Source data:
▬▬▬

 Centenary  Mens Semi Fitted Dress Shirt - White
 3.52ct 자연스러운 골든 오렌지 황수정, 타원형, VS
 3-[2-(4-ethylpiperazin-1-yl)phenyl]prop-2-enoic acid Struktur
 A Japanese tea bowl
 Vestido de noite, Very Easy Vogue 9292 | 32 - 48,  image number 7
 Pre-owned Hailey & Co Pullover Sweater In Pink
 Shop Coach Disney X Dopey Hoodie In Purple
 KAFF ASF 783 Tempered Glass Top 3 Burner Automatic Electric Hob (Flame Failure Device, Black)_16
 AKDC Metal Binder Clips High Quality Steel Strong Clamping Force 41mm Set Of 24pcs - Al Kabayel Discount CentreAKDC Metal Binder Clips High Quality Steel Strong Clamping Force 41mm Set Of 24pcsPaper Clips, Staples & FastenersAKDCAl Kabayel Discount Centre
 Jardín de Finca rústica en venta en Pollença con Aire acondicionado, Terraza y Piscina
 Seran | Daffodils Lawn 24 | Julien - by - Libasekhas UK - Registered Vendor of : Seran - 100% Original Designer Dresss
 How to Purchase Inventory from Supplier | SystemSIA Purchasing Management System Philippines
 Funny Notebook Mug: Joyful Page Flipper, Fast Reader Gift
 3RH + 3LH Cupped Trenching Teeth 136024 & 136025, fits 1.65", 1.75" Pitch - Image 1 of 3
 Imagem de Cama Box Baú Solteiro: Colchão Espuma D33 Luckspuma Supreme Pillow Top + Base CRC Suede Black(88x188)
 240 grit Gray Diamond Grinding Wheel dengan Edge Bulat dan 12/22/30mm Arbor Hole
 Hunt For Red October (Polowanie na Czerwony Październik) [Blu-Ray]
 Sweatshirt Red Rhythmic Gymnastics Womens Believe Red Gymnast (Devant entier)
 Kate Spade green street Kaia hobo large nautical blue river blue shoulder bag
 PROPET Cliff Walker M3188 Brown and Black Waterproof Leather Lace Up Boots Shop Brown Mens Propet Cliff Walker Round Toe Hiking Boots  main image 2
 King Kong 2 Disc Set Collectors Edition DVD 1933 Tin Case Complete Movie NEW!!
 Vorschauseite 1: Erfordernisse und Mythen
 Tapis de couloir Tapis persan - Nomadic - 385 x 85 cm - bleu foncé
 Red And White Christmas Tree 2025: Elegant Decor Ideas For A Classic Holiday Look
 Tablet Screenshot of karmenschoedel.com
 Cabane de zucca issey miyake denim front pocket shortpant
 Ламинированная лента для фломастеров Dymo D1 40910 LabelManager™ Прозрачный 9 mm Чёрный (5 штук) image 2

▬▬▬

_What you will do_
Exactly as they appear, print the lines from the one holding "3RH + 3LH Cupped" through the final line of the entries, and no others.

_Answer below_
 3RH + 3LH Cupped Trenching Teeth 136024 & 136025, fits 1.65", 1.75" Pitch - Image 1 of 3
 Imagem de Cama Box Baú Solteiro: Colchão Espuma D33 Luckspuma Supreme Pillow Top + Base CRC Suede Black(88x188)
 240 grit Gray Diamond Grinding Wheel dengan Edge Bulat dan 12/22/30mm Arbor Hole
 Hunt For Red October (Polowanie na Czerwony Październik) [Blu-Ray]
 Sweatshirt Red Rhythmic Gymnastics Womens Believe Red Gymnast (Devant entier)
 Kate Spade green street Kaia hobo large nautical blue river blue shoulder bag
 PROPET Cliff Walker M3188 Brown and Black Waterproof Leather Lace Up Boots Shop Brown Mens Propet Cliff Walker Round Toe Hiking Boots  main image 2
 King Kong 2 Disc Set Collectors Edition DVD 1933 Tin Case Complete Movie NEW!!
 Vorschauseite 1: Erfordernisse und Mythen
 Tapis de couloir Tapis persan - Nomadic - 385 x 85 cm - bleu foncé
 Red And White Christmas Tree 2025: Elegant Decor Ideas For A Classic Holiday Look
 Tablet Screenshot of karmenschoedel.com
 Cabane de zucca issey miyake denim front pocket shortpant
 Ламинированная лента для фломастеров Dymo D1 40910 LabelManager™ Прозрачный 9 mm Чёрный (5 штук) image 2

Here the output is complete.